Ken Liu‘s stories have appeared in magazines such as F&SF, Asimov’s, Strange Horizons, Lightspeed, and Clarkesworld. In 2012, he won the Hugo and the Nebula, and the World Fantasy Award for his story “The Paper Menagerie.” He also writes poetry, and sometimes translates Chinese fiction into English. Among the likes that he lists on his website are “old clothes, old friends, new ideas.”

What is one of your favorite stories you have written and why?

Probably “Single-Bit Error.” I loved this story, but I had a really hard time selling it — years and years of rejections followed. In fact, it garnered so many rejections that I gave up writing altogether for some time. But finally, the editors of THOUGHTCRIME EXPERIMENTS, an anthology focused on stories that have been rejected by others, took it. That sale meant a lot to me, and basically revived my passion in writing. It doesn’t matter how many rejections you get, only that you find the one editor, the one reader who connects with what you’re trying to do.

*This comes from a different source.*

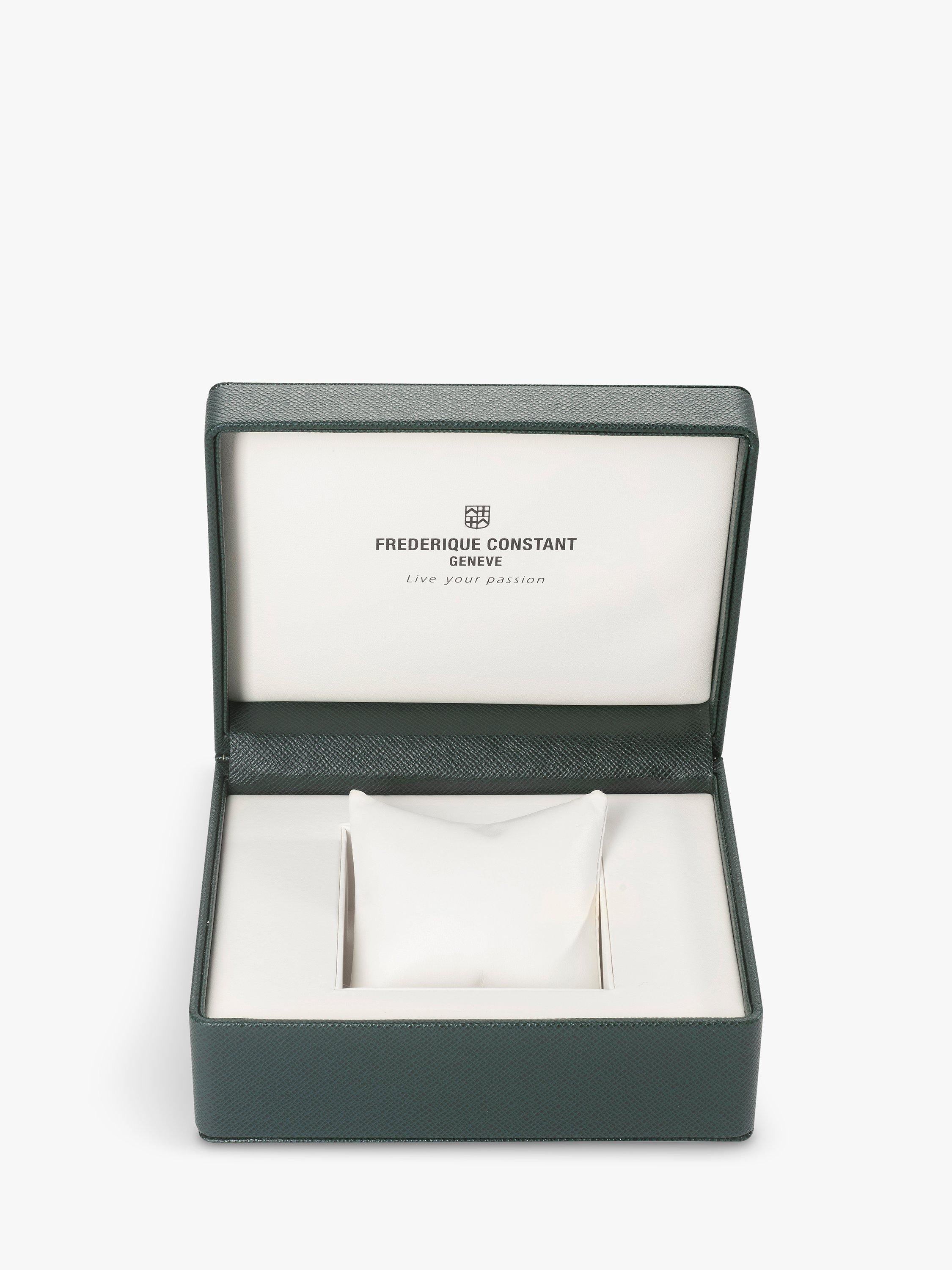 Frederique Constant Classic Date Manufacture watch 40mm (British brand)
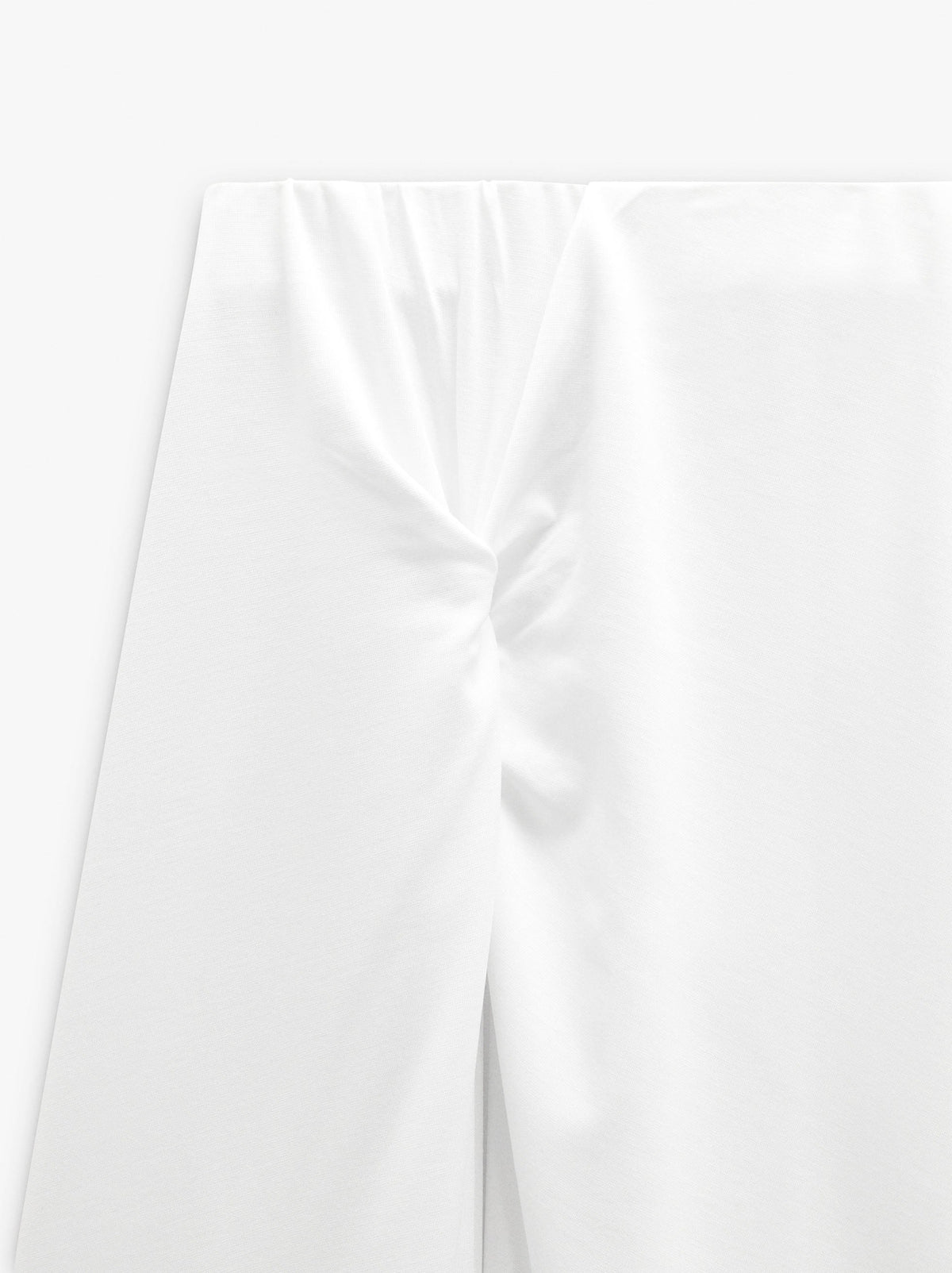 Midi Skirt With Ruched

I must say I also have a soft spot for “Mono no aware” as well. I wrote this story within a week from start to final draft, and it was fun to see that I could work under a deadline, which I think is a pretty essential skill for a writer.

How do you write stories? Do you edit extensively? Do you write so much per day?

With two young children at home and a fairly busy day job, my writing time is severely limited. I’m still figuring out a good, consistent process because right now the writing tends to be done in whatever bits of time I can find (on the commuter train, if I get up before the kids, right after the kids fall asleep, etc.).

What do you have coming out, and what can you tell us about these stories?

My big project right now is a novel set in a fantasy world my wife and I created together. It’s an archipelago where seven states vie for dominance, and the setting is influenced by some East Asian cultural elements and historical legends. I’m excited about it and hope readers like it.